Author Topic: Assistance wanted - Gary is willing but not able!  (Read 6996 times)

Durham

  • Guest
Assistance wanted - Gary is willing but not able!
« on: October 18, 2016, 09:59:36 PM »
Gary has been very kind, but is unable to help me owing to his real life pressures.

He suggested I reach out to the community in his stead.

I am trying to put a speech activated front end onto a C# VOIP system, where the recognition engine will effectively handle switching channels on the client application which will then send the changes to the server application.

I thought initially I would do this as a VoiceAttack plugin to get the benefit of the interface.  I couldn't get to first base with the available documentation.

I then went native with C#'s SpeechRecognitionEngine class, flicking the grammar according to the inputs - like a menu system where top level is [File],[Edit],[View] and depending on what the user says we load the appropriate grammar.

On limited grammar, all is fine.  On what I want to do, it is a Bill Gates special, or as useless as an ejector seat in a helicopter.

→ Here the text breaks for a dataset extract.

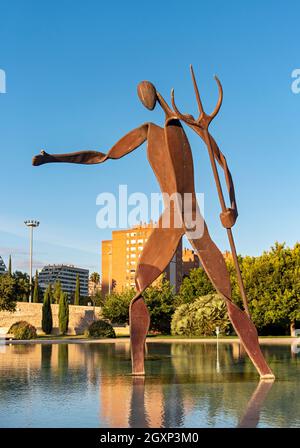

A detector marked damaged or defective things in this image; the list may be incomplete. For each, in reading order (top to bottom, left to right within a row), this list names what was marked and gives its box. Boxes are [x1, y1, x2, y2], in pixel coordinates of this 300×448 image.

rusty corten steel [32, 65, 274, 378]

I would welcome any input either as regards the C# SpeechRecognitionEngine approach (where the issue is its desire to guess the next command from the first voice command on the new grammar - ie the recognizedEvent keeps running even though you haven't said anything new), or, because I am a fan of the product, and I would love that my users had to pay Gary, some help on achieving the same outcome using the VoiceAttack PlugIn SDK.

Happy to share C# source code for simple windows form - voice in - labels.text out solution, the simple one works fine the real one is useless!

Best to Gary and kind regards to you all

Durham

Antaniserse

  • Global Moderator
  • Jr. Member
  • *****
  • Posts: 87
    • My VA plugins
Re: Assistance wanted - Gary is willing but not able!
« Reply #1 on: October 20, 2016, 04:47:58 AM »
I can't infer any specifics about what you are actually trying to accomplish with your module, but what i understand from all of the above is that
  • using VA directly, you didn't have much trouble with the voice recognition stuff, but you had with the plugin development
  • using you custom C# app, you have trouble with voice recognition itself
Is that correct?

If so, what issues did you have specifically when trying to setup your plugin code?
"I am not perfect and neither was my career. In the end tennis is like life, messy."
Marat Safin

Durham

  • Guest
Re: Assistance wanted - Gary is willing but not able!
« Reply #2 on: October 21, 2016, 09:44:10 PM »
Yes, you are correct.

With a couple of training sessions VA works great (although I use it on a button, so there is no misunderstanding from my TeamSpeak chat).

I need VA, because I use Oculus Rift in DCS and have found that with its help, I can fly all the aircraft I want to - KA50, F-15, F-5, M2000, SA432, UH-1 (don't think I could do A10-C, but haven't really tried).

With the c# SpeechRecognition class (Gary told me that VA is written in C#, so I am pretty sure this is the class he is using), I get great recognition with limited grammar (which is what a VAP file is), and really bad recognition with a large grammar file, which is my current construct.

The issue is that I am trying to load units in the US Army sense - so it goes "1 1 Alpha" through "1 4 Alpha" where the first digit is the platoon, the second is the unit inside the platoon and the letter is the Company.  Complicated by the fact that Alpha Company can have both at "CO" and "XO", so you need to handle those before getting to the integers.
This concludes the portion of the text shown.